Nelle ultime settimane ho
però visto rimestare vecchi modi di pensare e di comportarsi, più che nuovi
scenari, studi – degni di tale titolo –, utopie, visioni, analisi e idee più in
generale. Stesso repertorio, identico linguaggio. (Ascoltiamo musiche, vediamo
film, leggiamo libri in ogni modo diversi rispetto a trenta, quarant’anni fa.
Siamo proprio diversi).
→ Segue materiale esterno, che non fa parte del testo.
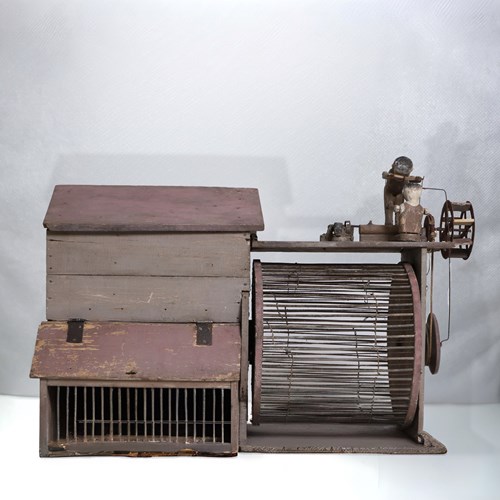 19Th Century Large Automaton Squirrel Cage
Tutto ciò sia da parte di chi attacca sia di chi vuol
conservare il proprio potere.
Non è confortante altrove.
Fu sovrapposto il nuovo tracciato autostradale proposto dal gruppo Toto alla
cartina degli acquiferi e a quella delle faglie attive, ma nonostante questo in
qualche comune (Castelvecchio Subequo, per citarne uno), s’immaginò che un
casello autostradale sarebbe stato un’occasione di sviluppo. A Celano invece
pensarono probabilmente allo shopping
nella Capitale da parte di chi vive lontano da Roma e avrebbe risparmiato del
tempo per raggiungere i negozi del centro al tempo dei saldi. Da un convegno
nazionale a Pescina, si è chiesto alla politica nazionale di dare una mano ai
«piccoli Comuni», ignorando che il borgo di 420 abitanti situato lungo le nuove
direttrici dell’Alta velocità o ricadenti nel perimetro di una città
metropolitana, possiede senz’altro maggiori possibilità di sfangarla rispetto
ad Avezzano – un agglomerato cento volte tanto – nella situazione che si va lentamente
disegnando. (La politica nazionale ha perciò già scelto e sta lentamente mettendo
in pratica, coerentemente le sue linee-guida: noi ci troviamo all’inizio della
china, non qualche metro prima). Afferma Roberto Mascarucci durante un convegno
organizzato da Uil nazionale: «L’Abruzzo ha perso il primo tempo però, […]
perché non è riuscito a inserirsi tra le dieci città metropolitane», in
«News-Town» 25 settembre 2016. Non è purtroppo il primo e unico «tempo» in cui
si è andati giù; io ci aggiungerei il declassamento dei nostri porti. (Glisso
sulla legge per L’Aquila capoluogo).
Torno ai comunicati di Marsica
Come On (Laboratorio Abruzzo Giovani). I marsicani, gli avezzanesi in
particolare hanno speso decenni a scagliarsi contro il capoluogo di provincia (anche
di regione) senza cavarne un ragno dal buco anzi. Qualcuno adesso attacca una
città che è grande almeno due volte L’Aquila e che – come ho scritto in
precedenza – è una sorta di secondo capoluogo dell’Abruzzo. (Si spara su
Pescara tralasciando L’Aquila che però conserva tutti i suoi poteri). Domanda:
che cosa ci si aspetta in meglio? Il capoluogo adriatico – di là della Grande
Pescara – è il cuore di una conurbazione che conta almeno 200mila abitanti; si
tratta di quasi il doppio dei marsicani sparsi all’interno: un sesto dell’elettorato
abruzzese è perciò concentrato in pochi chilometri quadrati – con tutto quel
che ne consegue. (Perché dalle nostre parti un impianto convertibile per bruciare
rifiuti da noi e non sulla costa abruzzese, dove – per via della cospicua
concentrazione di popolazione – c’è una maggiore disponibilità di «materia
prima»? L’Abruzzo, l’Italia ha in realtà rinunciato al Fucino come area per le
colture pregiate. Almeno dal 2007).
È invece il caso di
pensarne un’altra, una nuova soprattutto.